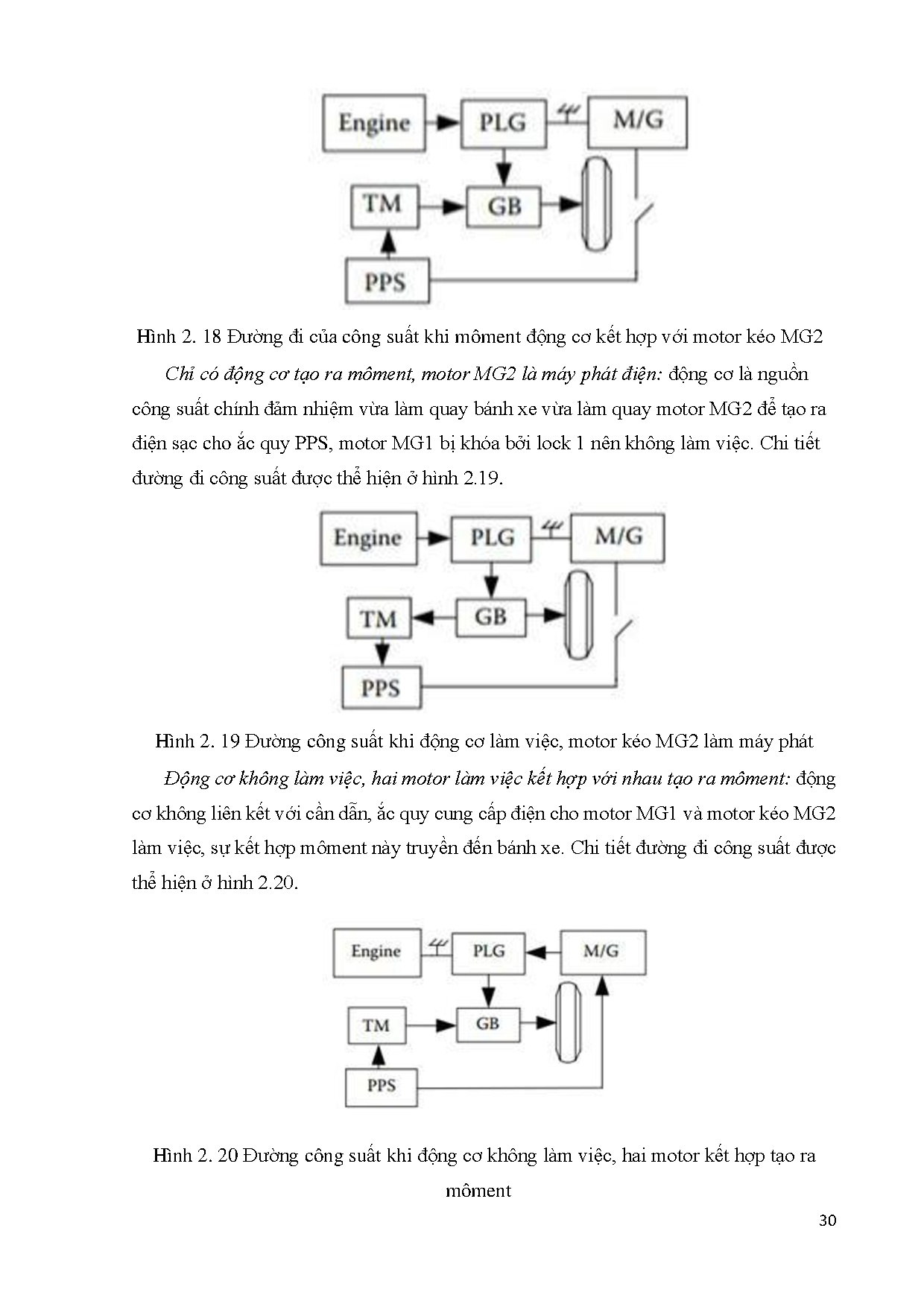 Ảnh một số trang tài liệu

---

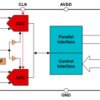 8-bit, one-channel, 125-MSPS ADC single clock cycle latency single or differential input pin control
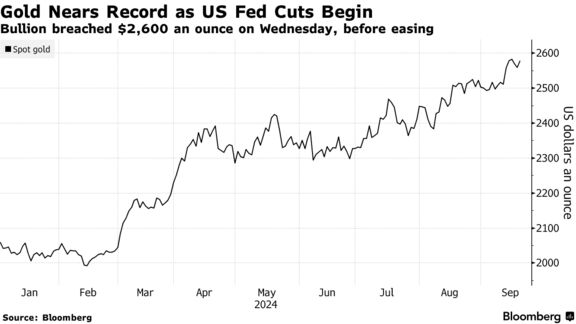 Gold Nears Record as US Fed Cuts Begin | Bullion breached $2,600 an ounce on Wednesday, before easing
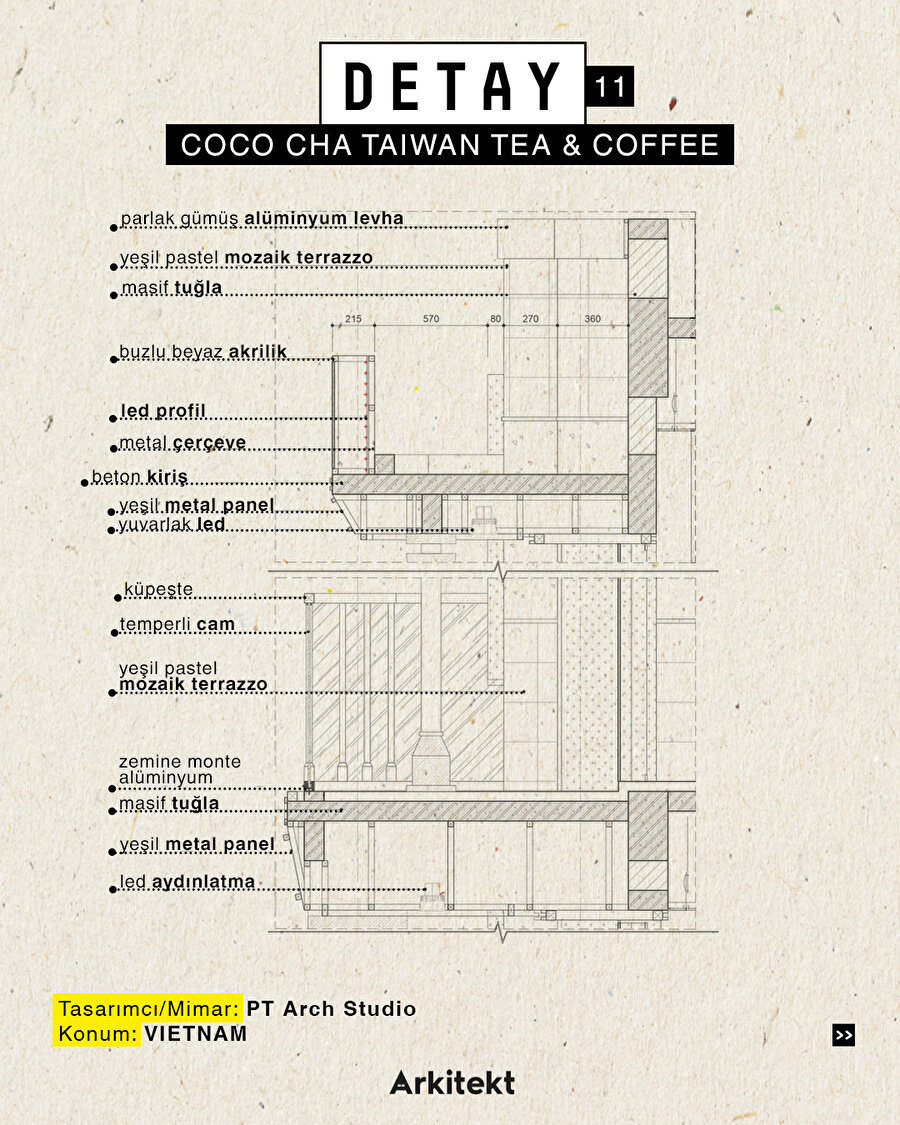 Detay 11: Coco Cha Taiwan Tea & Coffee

→ TASK DESCRIPTION
Lines from the one above containing "Gold Nears Record" down to the one containing "Detay 11: Coco Cha Taiwan Tea & Coffee" should be transcribed exactly, with both ends kept and no pictures.

→ SOLVED PROBLEM
 Gold Nears Record as US Fed Cuts Begin | Bullion breached $2,600 an ounce on Wednesday, before easing
 Detay 11: Coco Cha Taiwan Tea & Coffee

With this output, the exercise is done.